Decent game. Played the odds, got away with it.
Mike Williamson – 8
Bit of the usual Dancing With The Stars but he also got away with it, and nearly got a goal aswell. Cracking game but he doesn’t get my Man Of The Match
James Perch – 9
I think I might have been a bit generous here, but that’s probably because I normally expect so little from him. I was almost looking forward to slagging him off and telling you all how you’ve just been too bloody forgiving and now look what he’s done….. and then the bugger shafts me by playing a corker.
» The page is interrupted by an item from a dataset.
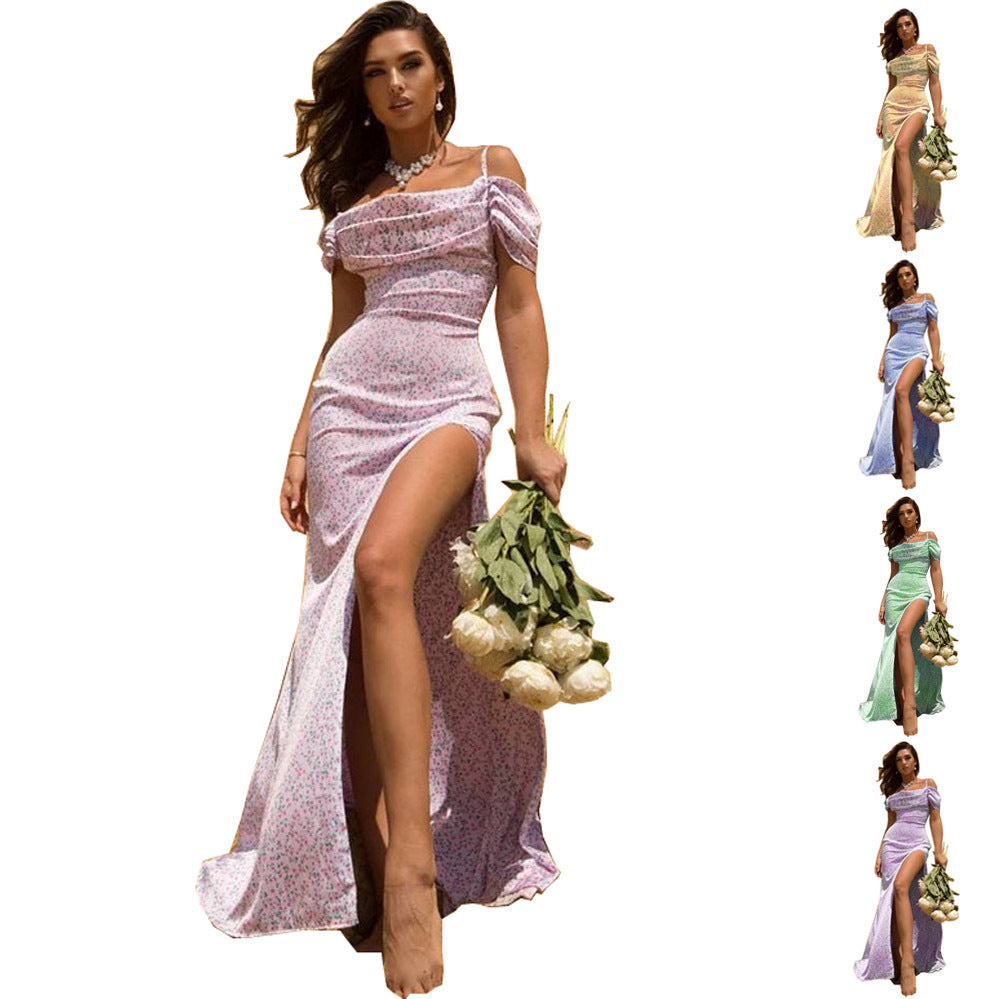 Women's Small Floral Slit Slip Dress Beachwear Summer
Without a doubt my Man Of The Match, but not impressed with his amateur dramatics at the end.
Jonas Gutierrez – 6
Poor old Jonas was always onto a loser. Commentator reckons that Dalglish put Bellamy on the wing when he heard that Jonas was at left back. Bellamy was just too quick for him, and while he gave his all, as he always does, he was completely outplayed by the little Welsh mouth breather.
Yohan Cabaye – 7
Played one of his better games of late. He’s been off the boil for a while but turned it on against the ‘pool.
Danny Guthrie – 7
Another decent shift – I hope we can find a way to keep him.
Cheik Tiote – 8
Straight into his stride with a solid blocking performance. He does a brilliant job playing just in front of the two centre-backs, and I think that Cheik and Cabaye are responsible for the vast improvement in recent weeks to our DairyLea passing game. I don’t think I’ve ever seen the lads knock it about in those little triangles with such confidence. Superb.
Hatem Ben Arfa – 9
Another brilliant performance from the French lad, though in all honesty Enrique did a fine job of marshalling him down the line.
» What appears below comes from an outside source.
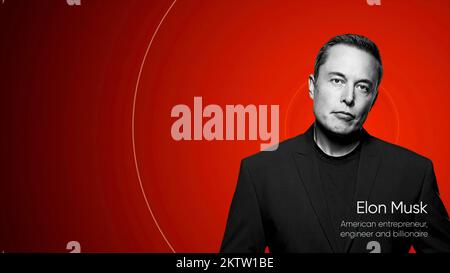 Arrière-plan rouge. Motion.Un portrait vivant d'Elon Musk avec sa position dans l'animation. 4K images de haute qualité Banque D'Images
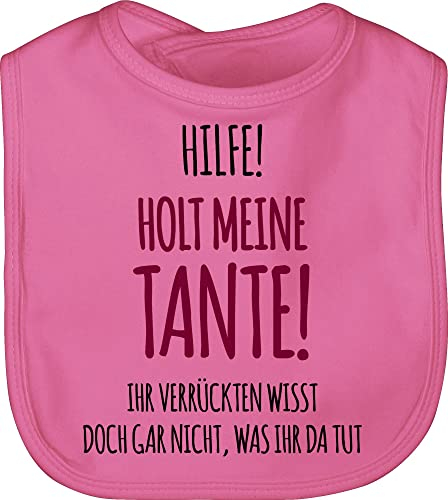 Shirtracer Baby Lätzchen - Sprüche - Hilfe Holt Meine Tante - Unisize - Pink - lustige babysachen spruch aunt sabberlatz babykleidung mit süßen sprüchen spruche teyze kinderlatz geschenke zur geburt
It is expected that we might lose one or two decent players in the summer as Ashley cashes in on his new business model. Benny might be one to go, but I hope not.
With Cabaye and Benny in midfield our two strikers are now getting service.
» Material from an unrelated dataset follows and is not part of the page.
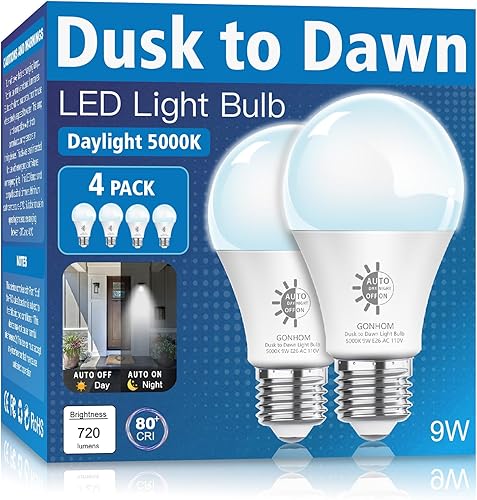 Gonhom Paquete de 4 bombillas LED de atardecer a amanecer para exteriores, 5000 K, luz diurna, 720 lúmenes, 9 W (equivalente a 60 W) A19 E26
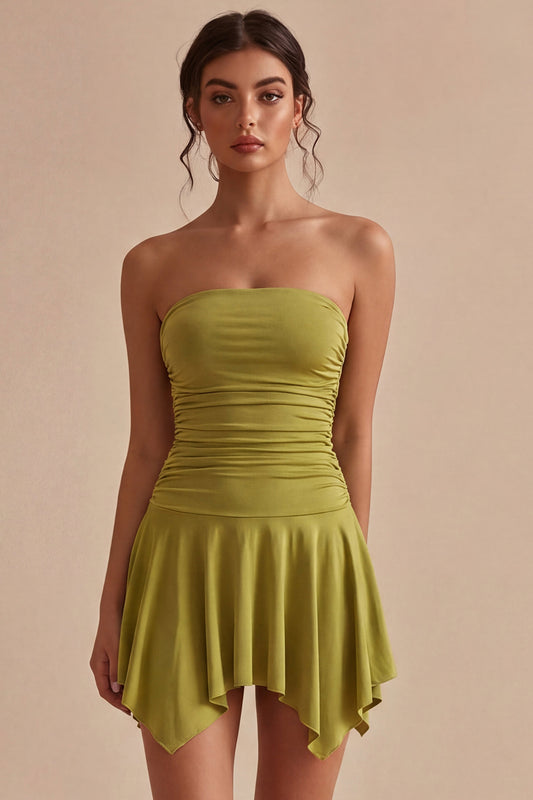 Olive Strapless Asymmetrical Ruched A Line Graduation Dress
Unfortunately we are starting to expect such great things from him that a performance like this doesn’t get him Man Of The Match
Demba Ba – 8
There’s a lot of talk at the moment that Ba has gone off the boil now that Cisse has arrived. I like to think that he’s just focused on other things. When he first arrived Ba always played with either Best or Ameobi behind, knocking the headers on to him. Story appears to be that Cisse is actually the better striker and Ba has turned provider.
Either way – having both of them in your lineup can’t be a bad thing.
Papiss Cisse – 8
So – only 8 for banging in 2 goals when Ba gets 8 and doesn’t score? From my seat Ba seems to work a lot harder for the team.
Not complaining, well, OK just a little bit. CAN SOMEBODY PLEASE EXPLAIN TO CISSE ABOUT OFFSIDE?
Twice he was standing a yard offside looking along the line. Yes yes yes, I’m being picky, but it’s a bit like the wife’s Yorkshire puddings – there’s just no excuse for it.
The subs did a decent job, but nothing of note so we’ll skip over them and on to Pardew.
The plan had to be to just niggle Carroll and hope he puts himself out of the game, and a yellow card after a few minutes took care of that, and pretty much the same with Enrique’s younger brother, Suarez, who was basically, well, rubbish.
As a whole our makeshift back four hardly inspired confidence and there were times when I was viewing the game through the green tint of a Heineken bottle, but the result was just that and three more points on the board. Personally I would say that was one of the best team performances of the season and the way the boys were throwing themselves in front of everything was , well, Tayloresque.
I don’t really consider Pardew a tactical genius but what he has achieved this year is not far short of a miracle, so he must be doing something right.
One of the highlights of the match has to be spotting a Ron Weasley look-alike in the crowd when Cisse celebrated his first goal.
If you thought that Cisse’s Paycheck and NutMeg Ryan were bad last week, playing Liverpool has opened up the door for Kenny standing on the side line yelling at his Dutch forward to keep an eye on Tiote, or rather “CHECK OUT CHEICK, KUYT”
Yes – I know – like the wife’s Yorkshires!